The result of this reinterpretation of the greenstone belt geology – as well as integration with existing Cu-NiPGE exploration data – has highlighted the presence of an exciting pipeline of prospective targets. The exploration of these targets is easily integrated into the current gold exploration strategy due to the similar hostrock geology and fieldwork required, and can therefore be completed without significant diversion of current resources.

The copper-nickel-PGE exploration portfolio can be summarised as:

• Short-term Cu-Ni-PGE targets requiring drill testing;

• Near-term exploration target areas requiring field programs including geophysical surveys or geochemical sampling; and

• Conceptual intrusive complexes prospective for Cu-Ni-PGE mineralisation.

Short-term Drill Target – Flametree

The Flametree area was previously explored by Gateway during 2013/2014, focusing on the extensive oxidezone copper occurrences present within the fine-grained sediment units and volcaniclastic sequences (see Figure 2). At that time, a VHMS-type exploration model was pursued, but resultant drilling failed to locate the primary source of copper mineralisation.

One RC hole drilled during this period, GRC283, intersected an ultramafic unit and associated Cu-Ni-PGE mineralisation within massive sulphides, with a reported significant intersection of 4m @ 1.03% Cu, 0.44% Ni, 0.9g/t Pt+ Pd, 426ppm Co from 137m[3] . A subsequent series of ground EM surveys, including a fixed-loop time domain survey (FLTEM) highlighted a significant EM anomaly at depth in the vicinity of this intersection.

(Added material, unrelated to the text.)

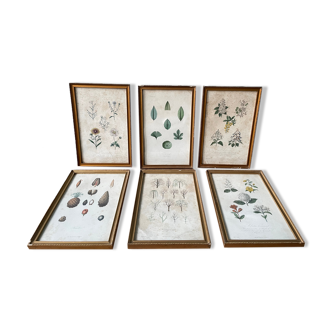 Lot de 6 planches XIXème d’histoire naturelle, herboristerie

Based on the geological knowledge at the time, a flat conductor was modelled, but subsequent RC and diamond drilling to the west of GRC283 failed to intersect either the ultramafic unit or any indications of mineralisation[4] .

However, the recent 2-dimensional seismic survey and subsequent interpretation completed during 2023, suggested that the dip of the stratigraphy in this region of the greenstone belt is moderate-steeply dipping to the east, which is counter to the previously accepted understanding.

This interpretation was backed up by re-logging of the orientated diamond hole completed in late-2013 (GDD001), which confirmed the east-dip to the geological units. In addition, re-examination of air-core and RC chips in the area suggested the presence of a more extensive differentiated mafic/ultramafic sequence to the east of the GRC283 intersection.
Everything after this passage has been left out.